I am very excited about the Climate Action Plan that was reviewed and unanimously supported at the Regulatory Energy and Environment Committee this week. It is set to come to the full Council on Friday June 28 where it may be amended.
The Plan, subtitled “a roadmap to reducing citywide greenhouse gas emissions," offers goals and potential strategies to help achieve a 15 percent reduction in emissions by 2015 and a 30 percent reduction by 2025 from 2006 levels. It contains a wealth of information and specific strategies in three broad areas of 1.buildings and energy, 2. transportation and land use, and 3. waste and recycling. You can read the full plan here.
To get you started here are four categories within which the goals and strategies fall:
Significantly improving the energy efficiency of our commercial, residential and public buildings.
Strategies are identified to improve energy efficiency in commercial and residential buildings 20 and 15 percent respectively from a baseline of growth by 2025. City and other public buildings should continue to lead the way by aggressively pursuing cost-effective energy efficiency strategies.
Increasing our use of local, renewable energy.
The plan calls for increasing our use of local or directly purchased renewable energy to 10 percent of the total electricity consumed in the city by 2025. The purchase of green power, and new approaches that make renewables more accessible and widespread, like solar gardens, will be pursued.

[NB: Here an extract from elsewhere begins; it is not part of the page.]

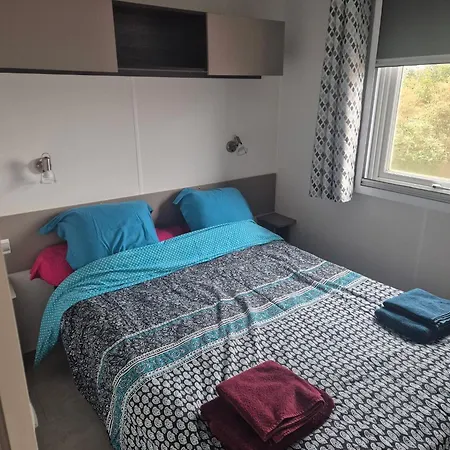 营地 Mobil-home L'escale-mh34 Les Sables Du Midi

Regulatory changes will be pursued to appropriately value and incentivize renewable energy.
Reduce vehicle miles traveled in Minneapolis while improving accessibility and building walkable, safe, and growing neighborhoods that meet the needs of all residents.
Improving access to transit, making walking and biking inviting and safe, and building diverse neighborhoods are priorities. We will identify and promote cleaner fuels for our transportation system.

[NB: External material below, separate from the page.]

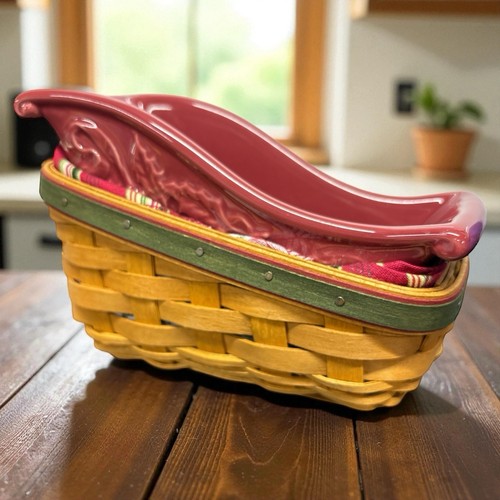 Longaberger holiday helper - longaberger,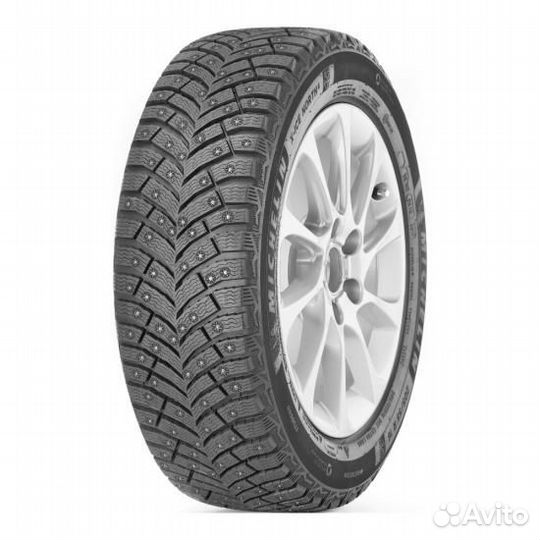 Michelin X-Ice North 4 235/50 R17 100T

Reduce our waste stream by reducing waste, encouraging reuse, and increasing recycling of both organic and inorganic material.
Improving recycling performance in the city, and expanding composting and the collection of organic material are priorities, with the goal of increasing our recycling rate to 50 percent by 2025. Residents will also have more information about the lifecycle impacts of their purchasing decisions, and we will strive for more efficient processing of our wastewater.

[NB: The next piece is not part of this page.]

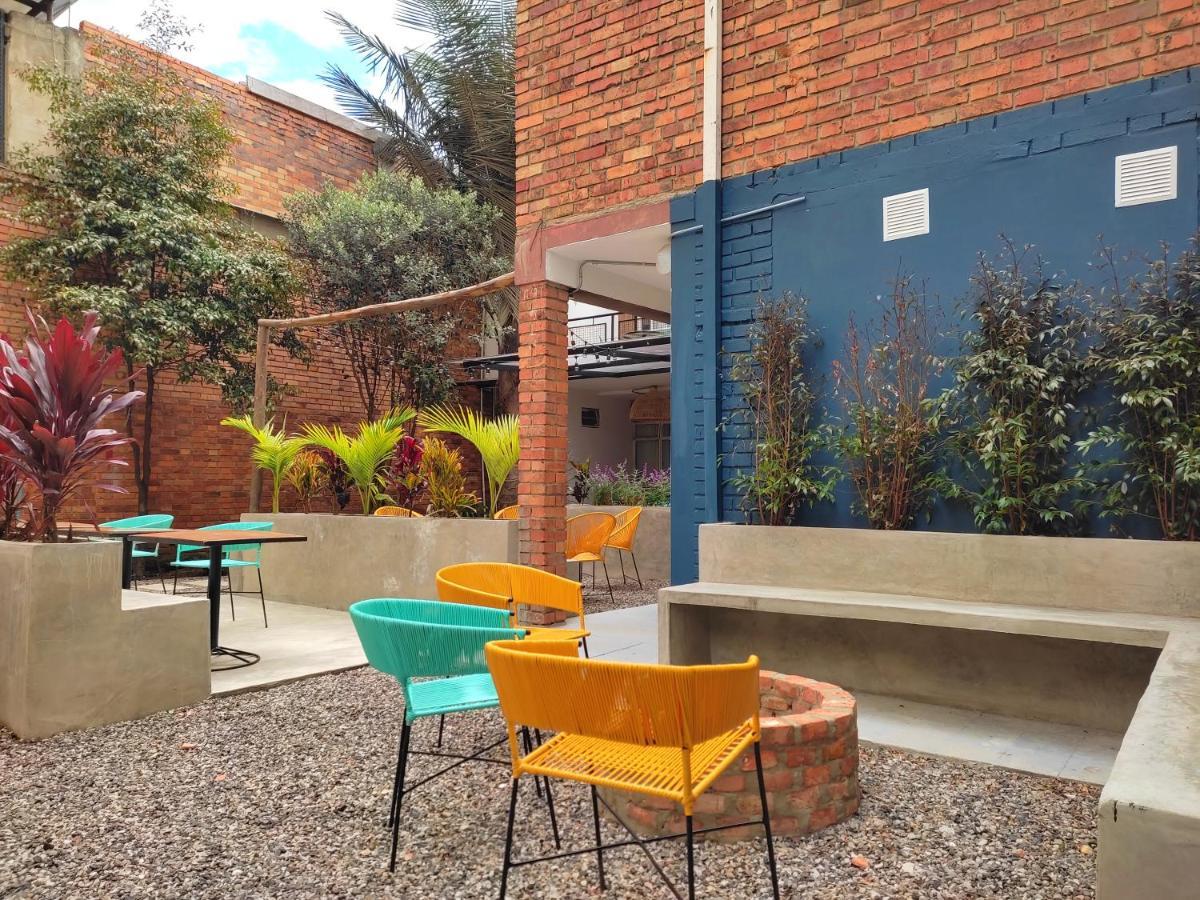 Trip Monkey Chapinero Hostel Bogota Exterior photo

Here are some of the intriguing ideas from the plan:
• Use of property-assessed and on-bill financing to fund energy efficiency and renewable energy retrofits for residential and commercial building (p17)
• Encouraging net zero buildings, (p.22)
• Planning for more walkable “complete neighborhoods,” (p23)
• Constructing 30 miles of on street, protected bike facilities by 2020 (p26)
• Identifying products and packaging that are neither recyclable or compostable (p31)
This plan is a great step in the right direction and I look forward to helping implement many of its ideas and strategies in the years to come.